Important Kafka terminology:
- A broker is essentially a node
- A producer is a process writing data to the message queue
- A consumer is a process reading data from the message queue
- A topic is the specific queue that we write to and read data from
A Kafka topic is further subdivided into a number of partitions. We can split data from a particular topic into multiple brokers (nodes) both when we write to the topic and also when we read our data at the other end of the queue.
After installing Kafka on our local machine or any cloud provider of our choice (there are excellent tutorials for EC2 to be found just a search away) we can create a topic using this single command:
$ kafka-topics --create --zookeeper localhost:2181 --replication-factor 1 --partitions 1 --topic xmr-btc
Created topic "xmr-btc".
This will create a new topic called xmr-btc.
$ kafka-topics --delete --zookeeper localhost:2181 --topic xmr-btc
We can then get a list of all topics by issuing the following:
$ kafka-topics --list --zookeeper localhost:2181
xmr-btc
We can then create a command-line producer for our topic, just to test that we can send messages to the queue, like this:
$ kafka-console-producer --broker-list localhost:9092 --topic xmr-btc
Data on every line will be sent as a string encoded message to our topic and we can end the process by sending a SIGINT signal (typically Ctrl + C).
Afterwards, we can view the messages that are waiting in our queue by spinning up a consumer:
$ kafka-console-consumer --zookeeper localhost:2181 --topic xmr-btc --from-beginning
This consumer will read all messages in our xmr-btc topic, starting from the beginning of history. This is useful for our test purposes, but we will change this configuration in real-world applications.
Now have our broker set up, we can use the code at https://github.com/agiamas/mastering-mongodb/tree/master/chapter_9 to start reading (consuming) and writing (producing) messages to the queue. For our purposes, we are using the ruby-kafka gem, developed by Zendesk.
For simplicity, we are using a single class to read from a file stored on disk and write to our Kafka queue.
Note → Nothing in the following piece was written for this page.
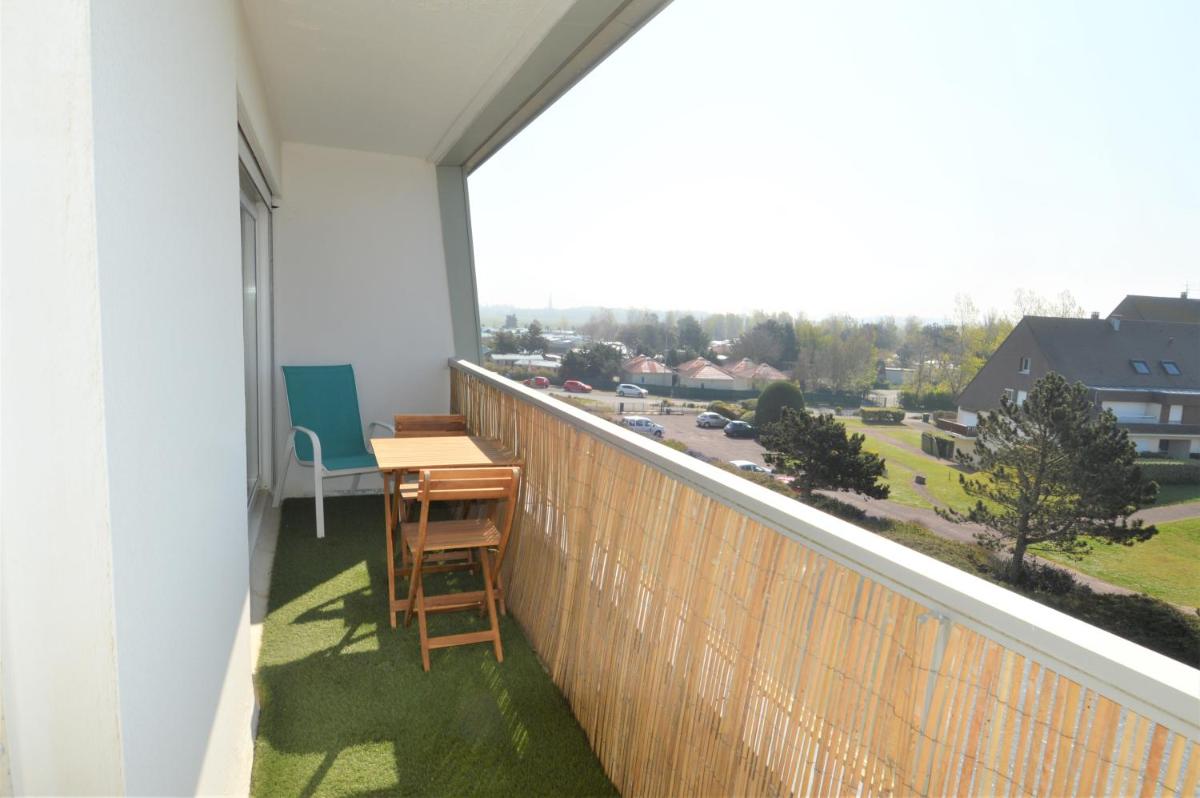 Studio avec chambre - Balcon et à 20m de la mer view 4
Our produce method will be used to write messages to Kafka:
def produce
options = { converters: :numeric, headers: true }
CSV.foreach('xmr_btc.csv', options) do |row|
json_line = JSON.generate(row.to_hash)
@kafka.deliver_message(json_line, topic: 'xmr-btc')
end
end
Our consume method will read messages from Kafka:
def consume
consumer = @kafka.consumer(group_id: 'xmr-consumers')
consumer.subscribe('xmr-btc', start_from_beginning: true)
trap('TERM') { consumer.stop }
consumer.each_message(automatically_mark_as_processed: false) do |message|
puts message.value
if valid_json?(message.value)
byebug
MongoExchangeClient.new.insert(message.value)
consumer.mark_message_as_processed(message)
end
end
consumer.stop
end
The next step is to write these messages to MongoDB.
First, we create our collection so that our documents expire after 1 minute. From the mongo shell:
> use exchange_data
> db.xmr_btc.createIndex( { "createdAt": 1 }, { expireAfterSeconds: 60 })
{
"createdCollectionAutomatically" : true,
"numIndexesBefore" : 1,
"numIndexesAfter" : 2,
"ok" : 1
}
This way we create a new database called exchange_data with a new collection called xmr_btc that has auto expiration after 60 seconds. For MongoDB to auto-expire documents, we need to provide a field with a datetime value to compare its value against the current server time. In our case this is the createdAt field.
For our use case, we will use the low-level mongo-ruby-driver. The code for MongoExchangeClient is as follows:
class MongoExchangeClient
def initialize
@collection = Mongo::Client.new([ '127.0.0.1:27017' ], database: :exchange_data).database[:xmr_btc]
end
def insert(document)
document = JSON.parse(document)
document['createdAt'] = Time.now
@collection.insert_one(document)
end
end
This client connects to our local database, sets the createdAt field for the TTL document expiration, and saves the message to our collection.
With this setup, we can write messages to Kafka, read them at the other end of the queue, and write them into our MongoDB collection.